Choose a tag to compare

@hussain-alsaibai hussain-alsaibai released this 28 Jun 17:10
461b35a

SnapDB v0.10.0 brings the columnar engine to performance parity with pandas/NumPy on analytics — while staying zero-dependency by default (NumPy is optional) and the lightest-memory store of the field. Covers everything since v0.7.0. Every change was adversarially reviewed (findings reproduced before fixing); CI is green across Linux 3.9–3.13 and Windows.

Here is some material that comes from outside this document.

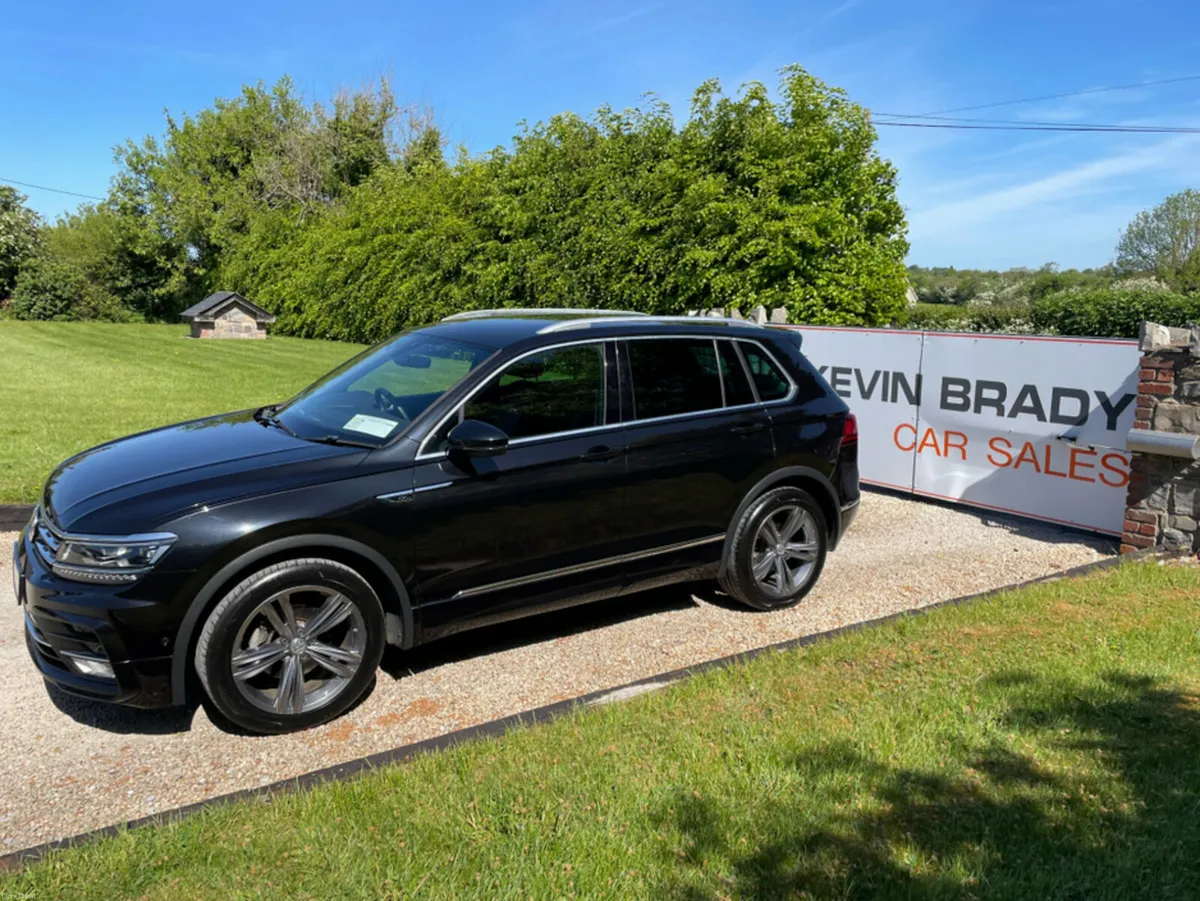 Volkswagen Tiguan 1.4 TSI  DSG R-LINE 150 BHP SUV. - Image 3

⚡ Performance — now competitive with pandas

Workload (100K rows) Earlier v0.10.0 vs pandas
Full-scan aggregate (sum/min/max/avg) ~58M rows/s ~530M rows/s on par
Numeric filtered count (count_where) ~314M rows/s on par
Row-store bulk insert ~17K rows/s ~287K rows/s ~SQLite/pandas ballpark
Memory footprint 2.2 MB ~5× lighter than pandas
  • NumPy-accelerated aggregates (v0.8.0, #14) — aggregate() runs over the zero-copy column buffer when NumPy is installed (~13–27×). Exact parity with the pure-Python path; encoded columns and 64-bit-int sums fall through to the exact path. use_numpy=False forces pure-Python.
  • NumPy-accelerated filters + count_where() (v0.9.0, #14) — select_where() builds masks vectorially; the new count_where() does filtered counts with no row materialization (~166× on numeric predicates). f32/limit=0 parity fixes.
  • ~26× faster row-store bulk insert (v0.10.0, #13) — batch_insert() grows the file in a single truncate+remap for the whole batch instead of one per slab. On-disk format and durability unchanged.

🛡️ Correctness & durability

  • Frame-of-Reference encoding hardened — 7 data-corruption bugs fixed (out-of-range widening, post-activation nulls, NumPy export, delta+FOR combo, unique_count, update→None, duplicate eligibility set).
  • Transaction atomicitybatch_insert() inside a transaction() now rolls back correctly (it previously left phantom rows).
  • Cross-platform test hygiene — pytest tests/ is green on Windows as well as Linux.

🗺️ Remaining roadmap

#12 (low-overhead sys.monitoring profiler — observability) and further filter acceleration for string/dict-encoded columns.

Closes #13, #14. Zero runtime dependencies; pip install snapdb[numpy] enables the accelerated paths.